Wednesday, January 26, 2011

A Day Ahead

All day yesterday I thought it was Wednesday. It wasn't until 9 o'clock last night that Sara broke the news. She had a late meeting so I had the house to myself; it was very quiet. After dinner I moved to the living room but didn't really have the energy to turn on the TV or watch a movie. I put some music (finally) on my iPhone; I found my earbuds so I could listen to something, anything.

It seemed appropriate to leave only a couple of small lights on so I could really get into a place where thought was actually possible. I'm a big fan of live, small, acoustic-style songs; I found a few good ones and leaned my head back as I listened. This is the time that I imagine having a talent where I could set-up and speak to a crowd through music. It seems like a concept so simple and insignificant can have weight when given the opportunity so be expressed through song; some concepts and feelings can only be expressed this way.

I've studied around and geared myself toward the "visual." I've probably said this before, but my eyes just don't see like they used to or at least the way I hoped they would. Close people have excelled in the visual arts; whether it be design, photography or another fine art. I can't say that I don't spend time thinking about these people... good or bad thoughts.

Even though my job is still on the visual side of the spectrum, my life has become more about language. I'm supposed to express, through words, how a seizure feels. "What is your aura like?" "Explain to me what you're thinking after a seizure." I still can only really put into words, maybe 20% of the sensation. Imagine that you're at your desk and suddenly you taste your birthday cake from when you were twelve. Then you see flashing pictures in the back of your mind of an old TV show your grandpa used to watch when you were young. By the time you figure out what you're tasting and what you're thinking, the seizure starts and when it's over, you've lost it all. (It's just amazing that the mind stores these little details; some people would give dearly to unlock these memories and some would wish to god that they would be lost forever.)

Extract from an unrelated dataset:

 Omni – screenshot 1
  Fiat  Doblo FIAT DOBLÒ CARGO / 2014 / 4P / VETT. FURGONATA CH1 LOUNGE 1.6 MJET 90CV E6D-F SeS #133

When I say that my life has been about language I'm referencing mostly the spoken language. When I speak it takes time for me to find words and pronounce them properly. I have to ask, at times, what terms and expressions mean... even some of the simplest and most well known. The last couple of job interviews have been a testament to this fact; not to mention my new voice. Awful.

The written language seems to be a way for me to slow down and take my time to express, well, everything. I can stop for the right word or right name; I can think and edit what topic I'm going to write about when I'm in the shower or laying back and listening to music in the dark. I read recently that "... as a writer, some of your best lines are the ones you delete." I've edited several choice lines already; if they were to be spoken, I wouldn't be able to go back and delete.